EXERCISE OBJECTIVE:
Transcribe the records word for word, leaving nothing out.

DATA RECORDS:
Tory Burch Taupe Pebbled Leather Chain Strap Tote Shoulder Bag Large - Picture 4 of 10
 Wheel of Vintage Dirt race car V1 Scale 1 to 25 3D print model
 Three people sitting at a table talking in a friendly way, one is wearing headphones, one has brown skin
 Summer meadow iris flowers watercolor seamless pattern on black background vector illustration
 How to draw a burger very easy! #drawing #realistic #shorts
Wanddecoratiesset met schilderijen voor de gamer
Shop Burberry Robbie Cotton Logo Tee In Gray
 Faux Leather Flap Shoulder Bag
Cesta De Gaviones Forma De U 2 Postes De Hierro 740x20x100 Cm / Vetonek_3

RESPONSE AREA:
Tory Burch Taupe Pebbled Leather Chain Strap Tote Shoulder Bag Large - Picture 4 of 10
 Wheel of Vintage Dirt race car V1 Scale 1 to 25 3D print model
 Three people sitting at a table talking in a friendly way, one is wearing headphones, one has brown skin
 Summer meadow iris flowers watercolor seamless pattern on black background vector illustration
 How to draw a burger very easy! #drawing #realistic #shorts
Wanddecoratiesset met schilderijen voor de gamer
Shop Burberry Robbie Cotton Logo Tee In Gray
 Faux Leather Flap Shoulder Bag
Cesta De Gaviones Forma De U 2 Postes De Hierro 740x20x100 Cm / Vetonek_3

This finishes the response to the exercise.